December 17, 2008
Kevin, thank you for posting this beautifully crafted and thoughtful piece.
Here I offer one answer to your question
“what evidence is there that we are headed for level III – the internet/web as an autonomous, smart superorganism?”
For the sake of this presentation I adopt three conventions:
1) the INTERNET is the sum of all the hardware of the net – servers, routers, fiber-optic trunk lines, etc. - the brain, if you will.
2) the WEB is the sum of all the humanly readable content – blogs, articles, web pages - the mind, if you will
3) the FLOW is the dynamic piece - flow of packets and flow of web pages.
An essential next-step for the Web in its ascent into intelligence (awareness or consciousness is quite distinct) is the capacity to READ and UNDERSTAND its own processes.
This understanding of self will address each of the three items above: hardware, software, and flow.
In this post I focus only on 2) above: the humanly readable content of the web (essentially all of its current contents). This content will soon be processable by knowedge servers on the web. When machine-understandability is eventually achieved, this will be a giant leap forward toward a SMART WEB.
The goal for such knowledge servers is well expressed in this quote from Sir Tim Berners-Lee, the director of the World Wide Web Consortium.
I have a dream for the Web [in which computers] become capable of analyzing all the data on the Web – the content, links, and transactions between people and computers. A ‘Semantic Web’, which should make this possible, has yet to emerge, but when it does, the day-to-day mechanisms of trade, bureaucracy and our daily lives will be handled by machines talking to machines.
While the semantic web is at an early stage of realization, it is being advanced by thousands of computer scientists who are devising formal specifications for the concepts, terms, and relationships in which knowledge might be expressed. The OWL Web Ontology Language and the RDF Resource Description Framework are instances.

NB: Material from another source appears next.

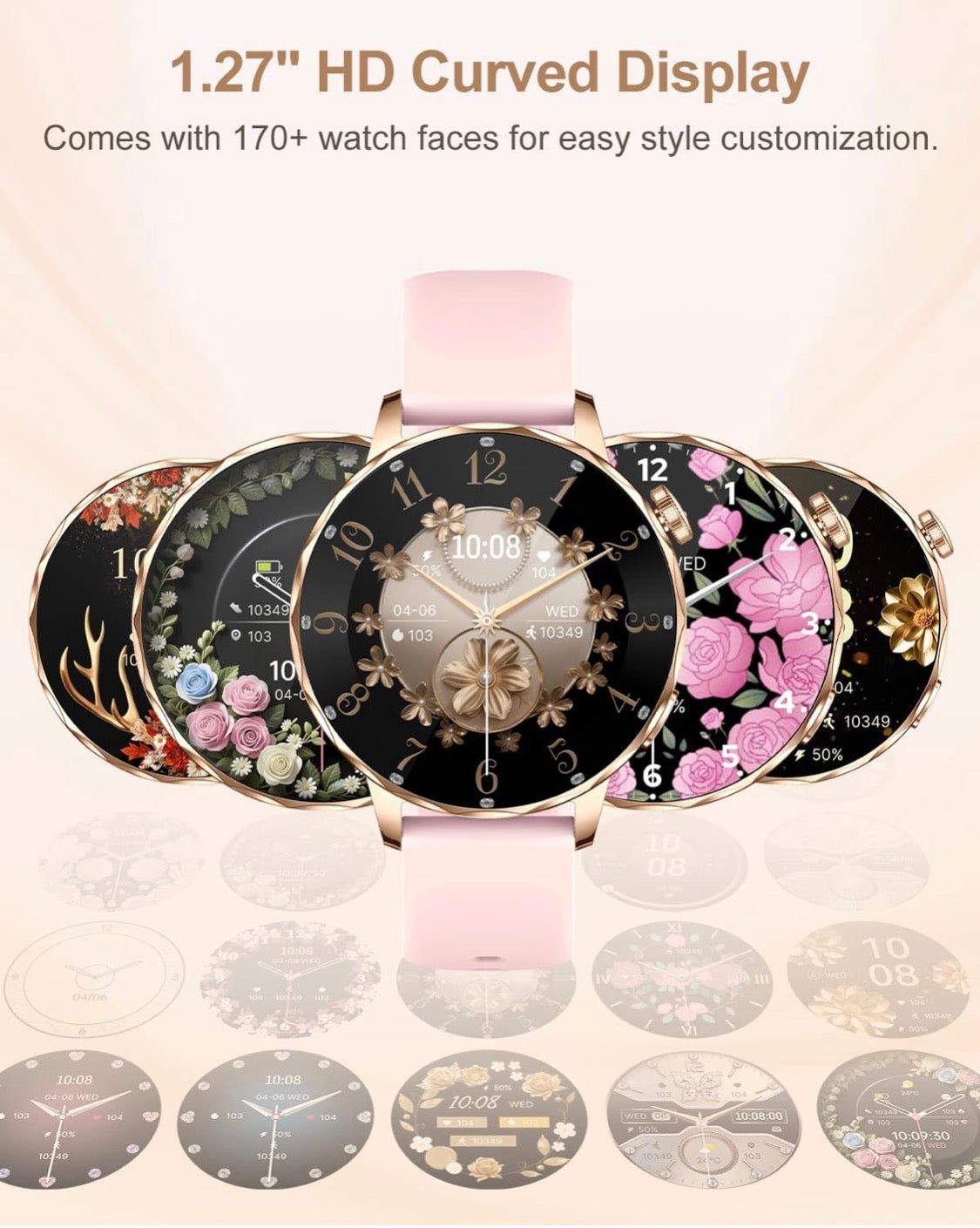 Reloj inteligente para mujer, pantalla táctil HD para Android y iPhone (rosa)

Right now the various large repositories of knowledge on the web (like Wikipedia) are like books sitting on the shelves in a library. Soon, as MIT Professor Marvin Minksy suggested, no one will imagine a time when the books on the shelves did not talk with one another.

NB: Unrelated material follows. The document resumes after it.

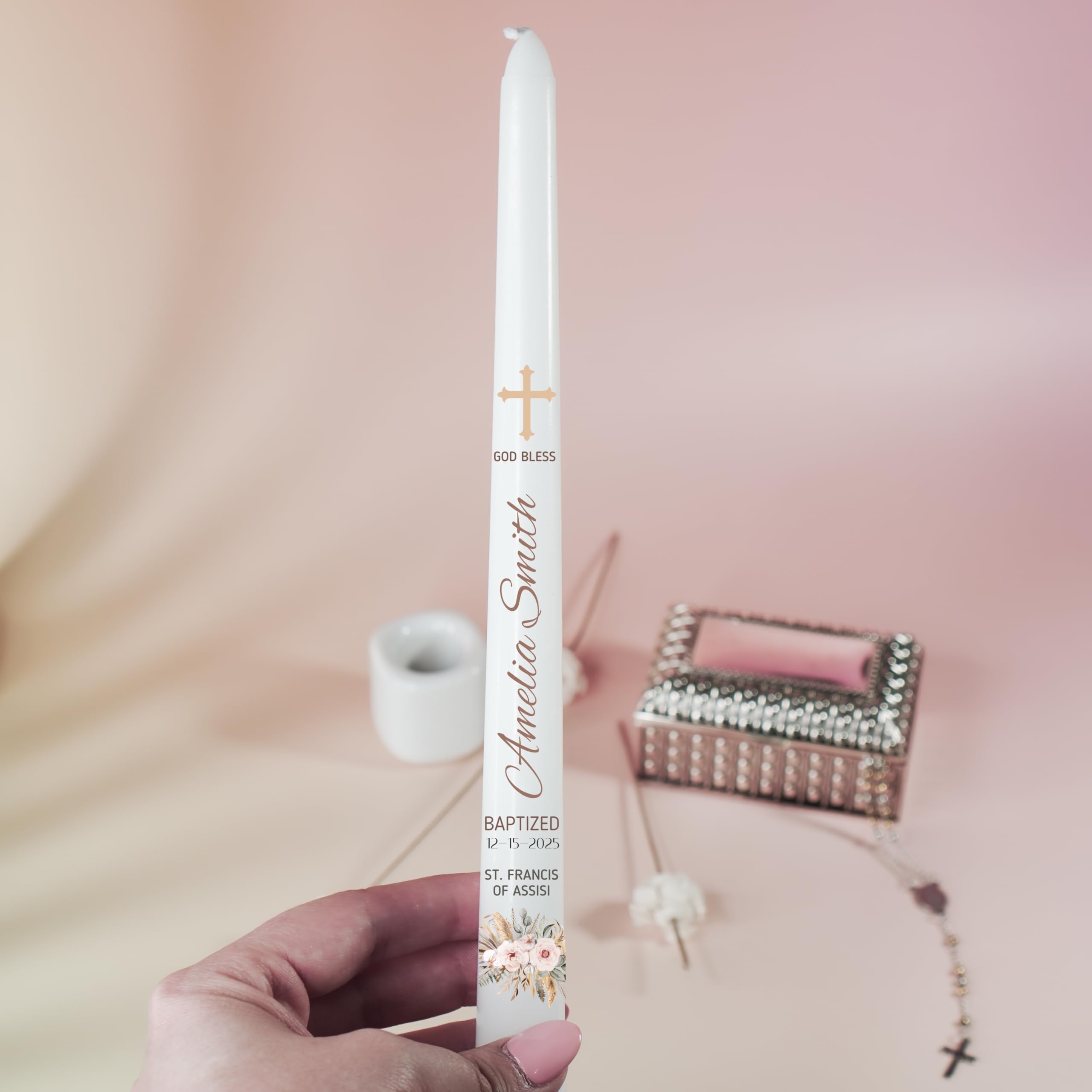 Custom baptism candle design options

Here are some early multi-million dollar examples that are paving the way.
WordNet - an on-line semantic lexicon of English that groups words into synonym sets and records the semantic relations between those sets. Begun in 1985 at Princeton by Professor George Miller, the project subserves several large AI projects that attempt automated text parsing and knowledge acquisition.
CYC - Douglas Lenat's famous 25 year long project (now CYCORP) to imbue computers with common sense. It contains two million facts and rules pertaining to about 200,000 entities. The holy grail of the project is self-augmentation in which the knowledge base could expand without human input by reading the web.
Powerset (recently acquired by Microsoft) parses Wikipedia to provide direct answers to queries. Powerset's aim was to unlock the meaning encoded in ordinary human language.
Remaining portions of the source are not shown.